You may or may not love them, but you cannot disregard Roberto Di Meo’s Irpinian wines. They constitute a real “oenological case,” as they also come out decades after the harvest, accomplices being very long refinements in steel.
Remember “The Curious Case of Benjamin Button“? the 2008 film directed by David Fincher, starring Brad Pitt and Cate Blanchett, nominated for thirteen Academy Awards, winning those for best set design, best makeup e best special effects. È la storia di un bambino nato con le sembianze di una persona anziana che con la crescita ringiovanirà.

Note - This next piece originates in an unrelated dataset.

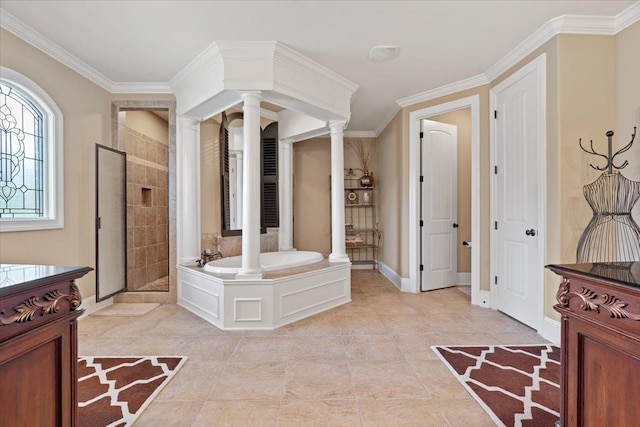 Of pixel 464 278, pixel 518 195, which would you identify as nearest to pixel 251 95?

A life story in reverse, unlikely, but one that somehow finds analogy and correlation with the wines of the Di Meo winery in Salza Irpinia. Conosco Roberto Di Meo dal 1998, quando eravamo giovani, lui da poco laureato in enologia e io agli inizi della mia appassionata carriera nel mondo dell’enogastronomia.
Witness Roberto’s avant-garde approach, which distinguished himself as a pioneer of aged white wines, just as he was among the first in Campania to employ wood for the maturation of Fiano, at the time an alternative and experimental vision, as had happened with Antinori’s Cervaro della Sala in 1985 and a few other wines in Italy.

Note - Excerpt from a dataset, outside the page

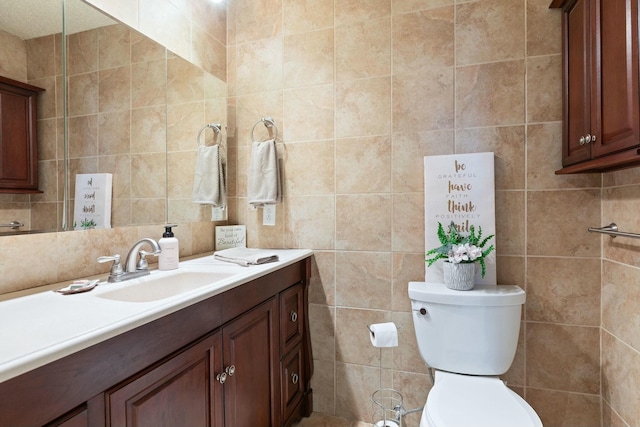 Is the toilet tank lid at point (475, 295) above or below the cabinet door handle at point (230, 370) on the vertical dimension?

Fiano di Avellino Colle dei Cerri Riserva 2008
For the label Colle dei Cerri, the 2008 vintage is now on sale. Streamlined by wood compared to the 2000 it enjoys astonishing youth and finesse. Recall the other current cru on the market: the 2013 Fiano di Avellino Alessandra, the 2004 Fiano di Avellino Erminia Di Meo, and the 2008 Greco di Tufo Vittorio.
Roberto Di Meo establishes himself master in the aging of white wines, unrivaled, comparing itself with other masterpieces of world winemaking, always emerging victorious. His wines maintain an unhoped-for quality over time, as Erminia’s twenty years and Vittorio’s eighteen years prove. A unique case, finding more and more approval from world critics and which we at Doctorwine have rewarded from the very beginning.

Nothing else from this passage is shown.